NAFEST, dubbed “the festival that unites the nation,” has shown the path to the unity we crave. With NAFEST Rivers 2018, Edo 2019 and the coming Plateau 2020, the National Council for Arts and Culture, NCAC, organisers of the annual culture fest, has charted a path to a national unity and development. Ebonyi State governor, Dave Umahi, who witnessed the closing ceremony of the event in Port Harcourt in 2018 remarked: “If politics has failed to unite us, if religion has failed to unite us, culture has not.”
The festival shows the potential of arts and culture to mend the broken psyche of the populace, restore faith in the oneness of our existence and strengthen our unity. Under its present leadership, NCAC has robustly pushed for a new paradigm where culture is prioritised. There is no doubt that culture can be turned to the new oil. We also believe that cultural diplomacy could be an antidote to hate speech, ethnic chauvinism and religious intolerance. The rotational policy of hosting the festival by states of the federation is a recipe for national integration. This is the way to forge national unity and societal peace. We believe that the NAFEST template, if amplified, will foster tolerance, entrench harmony and neutralise catalysts of the turbulence plaguing the country.

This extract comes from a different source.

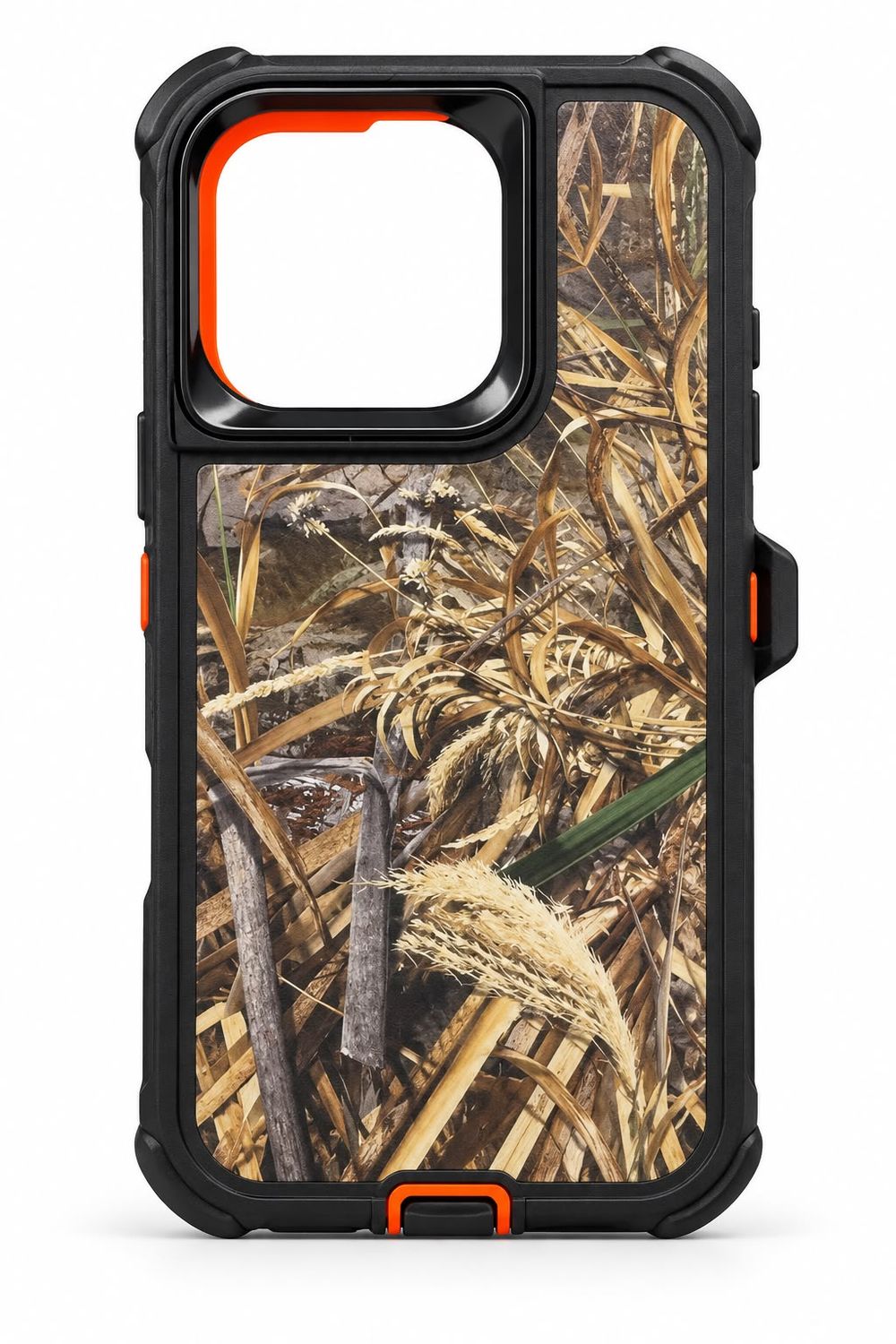 Heavy Duty Camo Case With Clip for Iphone 15 Pro- Orange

NAFEST can engender national unity, greater understanding and cooperation. We commend the leadership of the NCAC and the Federal Ministry of Information and Culture for their tenacity in fostering unity through the medium of culture. We enjoin the NCAC not to decelerate its effort. We urge the federal and state governments to take concrete steps to ensure the unity of the country as we march into the future.